By Larry Mogelonsky, MBA, P. Eng. (

The virus outbreak starting in Wuhan is the gamechanger for 2020 and many years to come. Reservations and occupancies will inevitably return, but the ground has forever shifted and this new normal we are just entering calls for new working – and largely virtual – conditions as well as a hyper-effective team to handle the load in lean times.

My Own Cancellation Story

As everyone is scrambling for new operational efficiencies to do more with less and to do so remotely (for the time being), I am reminded of what I went through to cancel a recent hotel booking for a weeklong stay in NorCal to both celebrate my wife’s birthday with some wine tours in Napa and to visit my younger sister who leased a place for the winter near Monterey.

The story is more or less the same for both properties. The first phone call rings and rings until it goes to voicemail. I call back a bit later and a totally harried front desk agent picks up, heaving breaths and clearly suffering as we all are from the panic as she juggled ten fires at once. It was a rushed call, with her tone abrupt and with several background interruptions in a mere few minutes – not a pleasant experience but totally acceptable under the current conditions.

Then I thought back to the numerous times in helping run a hotel property as an asset manager – times well before this crisis even hit – where staffing the front desk, reservationists and all other members of the intake team became a chore.

In the most salient case, it was a rural property where, during the offseason, calls and bookings were somewhat scant and yet we still had a big fixed payroll to feed lest our experienced team members look for employment elsewhere to make their wages. In a sparse labor market, these specialists are very hard to replace. And all the while, I’m being told by the revenue manager that we have to keep full coverage through to the late evenings and weekends lest we let the casual callers go unanswered and they take their business elsewhere.

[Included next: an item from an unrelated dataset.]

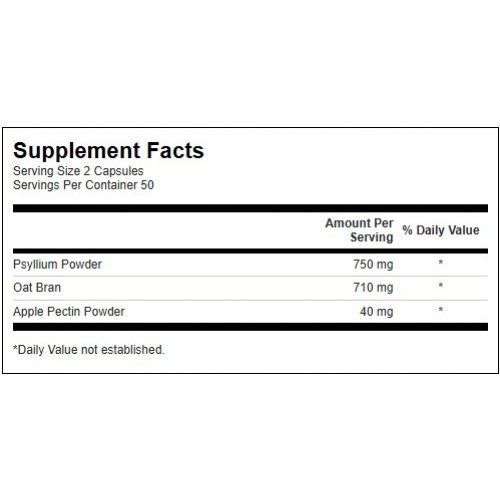 SWANSON Tri - Fiber Complex Digestive Health Maistinės skaidulos 100 kapsulių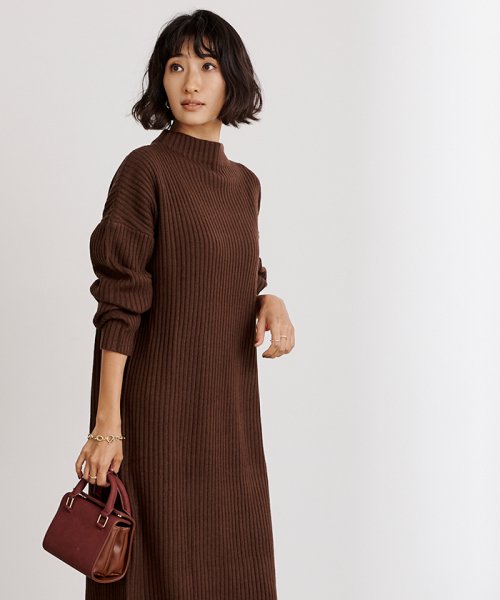 ボトルネックニットワンピース ユアーズ Ur S Magaseek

These ‘abandoned call’ types of scenarios, where offhand or qualified inquiries don’t come back, represented a clear case where recruiting a call center made perfect sense. But the main fear, though, was always that the outsourced reservationists would never be as knowledgeable about the product as the home team and thus unable to close or upsell.

The New Normal

Now, however, we are confronting an extraordinary situation whereby, due to the urgent need for remote office setups, a hotel’s primary hotline can be unanswered for hours at a time as we look to socially distance ourselves by working from home and only allowing minimal staff onsite. Or that your team is too busy to answer the phone and the customer get with a downbeat voicemail message instead of a preppy live agent.

In a stable market, this means lots of missed opportunities to complete bookings over the phone or to put requests through to other outlets like your restaurant for dining reservations. As per my particular case already mentioned, it likely led to lots of unhappy customers who didn’t end up returning.

But there’s something unique about the fallout from the pandemic as it compels an entire policy change. That is to say, prior to COVID-19, none of us regular folks dreamed this day would come. With the black swan event clearly well within the realm of possibility, if it happens once it can happen again. This means that there may be other future instances where your team must again scatter to their respective abodes to complete work from their home offices.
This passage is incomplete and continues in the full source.